Once data is ingested, it’s stored in a Source and made immediately available for querying with SQL.
Sources power all downstream transformations and API endpoints in Airfold, making them a critical part of your analytics workflow. They are designed for speed, schema clarity, and reliability, helping ensure your data remains fresh, queryable, and production-ready.
To ingest your data into a source, you have two options:
Seamlessly sync data from your existing systems into Airfold using built-in connectors for platforms like S3, Postgres, or Snowflake. Ideal for scheduled or high-volume ingestion.
Push data directly to Airfold in real time using our API. Instantly populate your Source and begin querying; perfect for syncing event data as it happens, with no batching required.
Whether you ingest data with a connector or through the Airfold API, once your data lands in a source, it is instantly queryable and ready to power your analytics pipelines.

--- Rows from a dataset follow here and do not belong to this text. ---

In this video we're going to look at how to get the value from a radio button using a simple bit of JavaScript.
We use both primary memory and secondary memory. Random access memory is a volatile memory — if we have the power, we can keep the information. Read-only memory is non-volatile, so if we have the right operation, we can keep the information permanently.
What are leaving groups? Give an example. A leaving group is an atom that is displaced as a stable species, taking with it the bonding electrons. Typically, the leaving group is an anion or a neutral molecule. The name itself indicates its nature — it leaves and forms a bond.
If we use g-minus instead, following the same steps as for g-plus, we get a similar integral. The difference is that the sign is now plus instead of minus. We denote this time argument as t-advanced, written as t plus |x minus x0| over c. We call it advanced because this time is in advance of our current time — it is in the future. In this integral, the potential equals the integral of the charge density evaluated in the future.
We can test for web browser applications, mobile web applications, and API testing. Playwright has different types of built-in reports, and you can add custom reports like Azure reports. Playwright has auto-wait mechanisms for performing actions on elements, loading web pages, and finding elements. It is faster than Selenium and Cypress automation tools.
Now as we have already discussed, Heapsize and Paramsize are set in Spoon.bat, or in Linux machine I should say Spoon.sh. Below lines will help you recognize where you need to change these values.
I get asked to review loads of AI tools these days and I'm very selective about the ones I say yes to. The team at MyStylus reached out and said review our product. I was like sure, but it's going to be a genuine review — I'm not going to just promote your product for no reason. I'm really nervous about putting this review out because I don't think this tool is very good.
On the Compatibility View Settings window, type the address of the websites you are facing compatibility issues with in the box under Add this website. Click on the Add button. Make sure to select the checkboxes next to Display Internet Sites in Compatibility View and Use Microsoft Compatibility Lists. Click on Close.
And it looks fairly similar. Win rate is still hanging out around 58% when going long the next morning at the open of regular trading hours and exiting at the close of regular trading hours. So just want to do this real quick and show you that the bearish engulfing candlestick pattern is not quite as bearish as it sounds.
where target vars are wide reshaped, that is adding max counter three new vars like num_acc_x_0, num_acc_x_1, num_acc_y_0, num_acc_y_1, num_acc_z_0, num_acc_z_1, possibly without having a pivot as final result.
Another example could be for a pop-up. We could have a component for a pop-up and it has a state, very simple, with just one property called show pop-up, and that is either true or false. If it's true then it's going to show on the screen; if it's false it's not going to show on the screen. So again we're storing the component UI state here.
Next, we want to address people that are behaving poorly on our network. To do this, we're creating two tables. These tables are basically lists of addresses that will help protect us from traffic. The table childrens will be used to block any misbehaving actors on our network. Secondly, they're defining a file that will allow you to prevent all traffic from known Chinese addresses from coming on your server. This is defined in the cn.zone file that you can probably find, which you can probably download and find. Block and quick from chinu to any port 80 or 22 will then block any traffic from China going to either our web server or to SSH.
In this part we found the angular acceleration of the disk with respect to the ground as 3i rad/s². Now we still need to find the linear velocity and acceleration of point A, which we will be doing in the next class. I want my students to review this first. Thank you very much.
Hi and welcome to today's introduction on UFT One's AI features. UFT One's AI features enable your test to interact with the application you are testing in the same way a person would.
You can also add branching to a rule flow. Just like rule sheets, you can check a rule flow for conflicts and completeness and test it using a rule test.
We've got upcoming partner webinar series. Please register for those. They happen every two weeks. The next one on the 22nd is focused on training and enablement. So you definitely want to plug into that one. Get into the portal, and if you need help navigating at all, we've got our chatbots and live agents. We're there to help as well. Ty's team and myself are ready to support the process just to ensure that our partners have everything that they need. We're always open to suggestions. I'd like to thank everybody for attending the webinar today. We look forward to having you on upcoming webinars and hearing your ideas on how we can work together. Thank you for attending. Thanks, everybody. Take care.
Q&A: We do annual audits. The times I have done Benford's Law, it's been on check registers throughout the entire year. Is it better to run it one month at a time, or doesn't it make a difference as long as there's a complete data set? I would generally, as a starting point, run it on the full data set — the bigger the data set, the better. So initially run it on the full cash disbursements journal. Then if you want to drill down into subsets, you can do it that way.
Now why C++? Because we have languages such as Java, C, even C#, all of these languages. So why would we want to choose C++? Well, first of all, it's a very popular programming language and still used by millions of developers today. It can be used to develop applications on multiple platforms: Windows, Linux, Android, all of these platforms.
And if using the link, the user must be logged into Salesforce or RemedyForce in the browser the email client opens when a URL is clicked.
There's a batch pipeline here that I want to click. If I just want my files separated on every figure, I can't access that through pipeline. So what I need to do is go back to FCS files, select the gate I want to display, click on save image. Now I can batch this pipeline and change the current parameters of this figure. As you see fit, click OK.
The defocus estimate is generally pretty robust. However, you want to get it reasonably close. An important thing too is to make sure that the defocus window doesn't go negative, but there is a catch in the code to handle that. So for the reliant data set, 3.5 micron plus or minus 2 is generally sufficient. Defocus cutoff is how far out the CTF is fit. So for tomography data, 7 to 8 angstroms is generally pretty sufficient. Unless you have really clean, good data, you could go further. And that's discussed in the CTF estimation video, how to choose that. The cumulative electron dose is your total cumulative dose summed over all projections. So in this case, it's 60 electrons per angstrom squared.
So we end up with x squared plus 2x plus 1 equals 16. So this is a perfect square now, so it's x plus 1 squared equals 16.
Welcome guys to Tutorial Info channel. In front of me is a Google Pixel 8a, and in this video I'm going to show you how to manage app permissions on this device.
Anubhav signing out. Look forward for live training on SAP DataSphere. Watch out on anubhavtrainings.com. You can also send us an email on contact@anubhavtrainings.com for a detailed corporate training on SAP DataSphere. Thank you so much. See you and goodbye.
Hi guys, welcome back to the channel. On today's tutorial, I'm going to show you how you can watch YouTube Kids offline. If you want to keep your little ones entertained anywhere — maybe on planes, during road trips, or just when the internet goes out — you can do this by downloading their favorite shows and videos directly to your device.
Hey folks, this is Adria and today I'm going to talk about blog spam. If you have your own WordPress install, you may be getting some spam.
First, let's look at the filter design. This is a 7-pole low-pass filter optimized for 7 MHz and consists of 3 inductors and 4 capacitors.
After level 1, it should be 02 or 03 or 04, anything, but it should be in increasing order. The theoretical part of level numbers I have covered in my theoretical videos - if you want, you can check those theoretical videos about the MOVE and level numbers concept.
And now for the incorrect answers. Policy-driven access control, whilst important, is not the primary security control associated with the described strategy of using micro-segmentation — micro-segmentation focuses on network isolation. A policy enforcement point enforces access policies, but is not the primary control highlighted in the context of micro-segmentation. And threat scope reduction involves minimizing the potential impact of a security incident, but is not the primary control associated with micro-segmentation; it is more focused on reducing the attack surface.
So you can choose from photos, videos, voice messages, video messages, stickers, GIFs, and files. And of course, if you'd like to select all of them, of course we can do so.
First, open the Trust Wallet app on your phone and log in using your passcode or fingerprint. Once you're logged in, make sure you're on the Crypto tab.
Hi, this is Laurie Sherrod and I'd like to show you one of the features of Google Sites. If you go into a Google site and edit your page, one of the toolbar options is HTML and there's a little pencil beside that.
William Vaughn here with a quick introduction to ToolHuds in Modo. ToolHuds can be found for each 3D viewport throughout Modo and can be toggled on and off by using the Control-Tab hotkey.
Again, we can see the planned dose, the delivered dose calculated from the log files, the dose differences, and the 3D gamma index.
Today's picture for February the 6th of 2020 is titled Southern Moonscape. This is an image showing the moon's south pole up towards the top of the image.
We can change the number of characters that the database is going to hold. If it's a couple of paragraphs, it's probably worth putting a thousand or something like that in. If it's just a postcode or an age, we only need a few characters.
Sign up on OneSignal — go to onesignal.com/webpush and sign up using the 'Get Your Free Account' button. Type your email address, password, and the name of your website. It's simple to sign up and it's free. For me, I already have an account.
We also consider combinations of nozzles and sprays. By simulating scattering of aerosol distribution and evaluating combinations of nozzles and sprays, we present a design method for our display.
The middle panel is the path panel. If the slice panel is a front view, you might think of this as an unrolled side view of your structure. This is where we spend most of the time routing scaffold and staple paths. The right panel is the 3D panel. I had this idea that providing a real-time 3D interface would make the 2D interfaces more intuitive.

Each Source has its own schema that defines the table’s columns, data types, and table settings.
Defining a clear, well-structured schema for your Source is key to ensuring fast, efficient queries with minimal latency and resource usage. There are several Airfold specific things that you need to consider when finalizing your schema such as:
Table settings
engine type
(required)Primary Key
defines how data is stored on disc (required)Partitions
- Used mainly for data management (optional)Data types
There are many data types in Airfold that you might not find in other platforms that can help to cut down on storage cost and query efficiency.
Having an optimized schema is crucial, especially when your Source is storing data at scale. What’s more, your schema settings cannot be changed once the table is created. We strongly recommend reading the schema section in the docs!
To create a source, you can either use the Airfold UI (simplest and quickest method) or you can define your Source details in YAML files and then push to your workspace using the Airfold CLI. Below we have shared an example of using either method.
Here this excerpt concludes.